# Starting a solar electric system in Canada



## Tirediron (Jul 12, 2010)

I am looking for some reputable solar component suppliers in Alberta, the only one that I know of wants to sell a complete system. I would rather "build my own, so that I know how to fix it.


----------



## LincTex (Apr 1, 2011)

calling "cowboyhermit"...


----------



## NaeKid (Oct 17, 2008)

Tirediron said:


> I am looking for some reputable solar component suppliers in Alberta, the only one that I know of wants to sell a complete system. I would rather "build my own, so that I know how to fix it.


Call me at home tonight if you have a moment .... I have some info on some solar companies that I gathered at the HomeShow in Calgary last weekend - business cards, info-pamphlets and such.

If you don't call - no worries - try some of these links.

http://www.calgaryhgs.com/CHS/ExhibitorList.aspx
http://www.calgaryhgs.com/CHS/ExhibitorList.aspx?taxonomy=UtilityCompanies

http://www.skyfireenergy.com/

http://www.vivint.ca/en/


----------



## cowboyhermit (Nov 10, 2012)

I have personally bought from these guys in your neck of the woods, very no frills back of a warehouse style location but very reasonable prices. Solar panels have been extremely overpriced at the retail level in Canada in the past so most of our large purchases were direct from distributor (pallets). For inverters/controllers and other stuff online is often a better bet.

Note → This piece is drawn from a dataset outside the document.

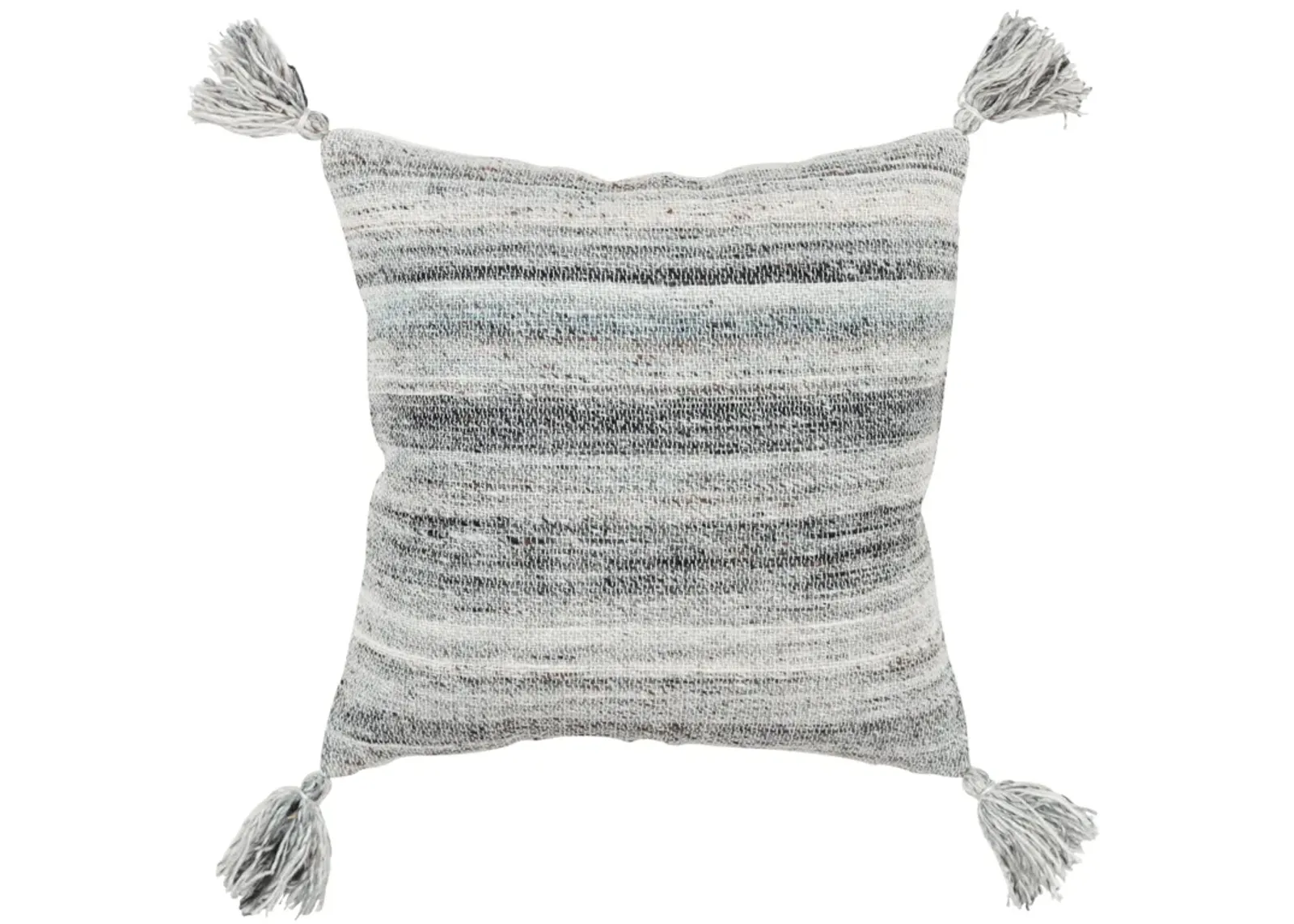 INDOOR OUTDOOR Mottled Gray Pillow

http://solarwholesaler.ca/product-category/solar-panels/

They have sales from time to time but as you can see they have some down to that $1/watt range. Usually that is without bracket and hardware and some don't have much of a junction box (pre-wired) but that isn't much of a disadvantage imo.


----------



## Tirediron (Jul 12, 2010)

they are a lot cheaper than retail, I guess I expect it to be cheaper than it is :brickwall: other than lighting the price is hard to get around even at wholesale.


----------



## cowboyhermit (Nov 10, 2012)

What kind of system are you looking at setting up, if you don't mind saying?


----------



## Tirediron (Jul 12, 2010)

Ok now I know if we went totally solar we would have to really gentle down even more, but our electricity bill says our peak monthly use is 800 kwhrs(under $200.00/mo) so How far off are my calculations A 4 KW system should make 32 kwhrs on a sunny day with a tracker, x 30days = 960, (but every day isn't sunny) and the kit is $22 000.00 on sale $22K /$200.00= 9.1 years

I guess not such a bad investment if you aren't already hooked to the grid (assuming the grid still works)


----------



## cowboyhermit (Nov 10, 2012)

It is a LOT easier to justify if you are facing having to install grid power.

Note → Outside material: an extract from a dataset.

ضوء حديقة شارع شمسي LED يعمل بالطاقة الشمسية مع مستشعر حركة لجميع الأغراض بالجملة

There are lots of ways to reduce the load on a solar system. Especially in our part of the world sizing a system for max load is tough because it is often at the time of year when there is the least amount of sun. If you are willing to incorporate a generator to top off the batts and run some heavy loads at that time it can really cut the size of system. Switching some things over to propane/nat. gas/wood can also take off some big demands. And of course all the typical energy efficiency stuff.


----------



## Tirediron (Jul 12, 2010)

It would pay back pretty quick on a new install situation. I do need to build a small system, just in case. I would like to be able to power at least one of the wells for sure.


----------



## LincTex (Apr 1, 2011)

Tirediron said:


> I would like to be able to power at least one of the wells for sure.


How deep is your shallowest one?

Have you read this:
http://www.otherpower.com/otherpower_waterpumping.html ?


----------



## LincTex (Apr 1, 2011)

What am I talking about... you need one of these!


----------



## Tirediron (Jul 12, 2010)

cowboyhermit said:


> What kind of system are you looking at setting up, if you don't mind saying?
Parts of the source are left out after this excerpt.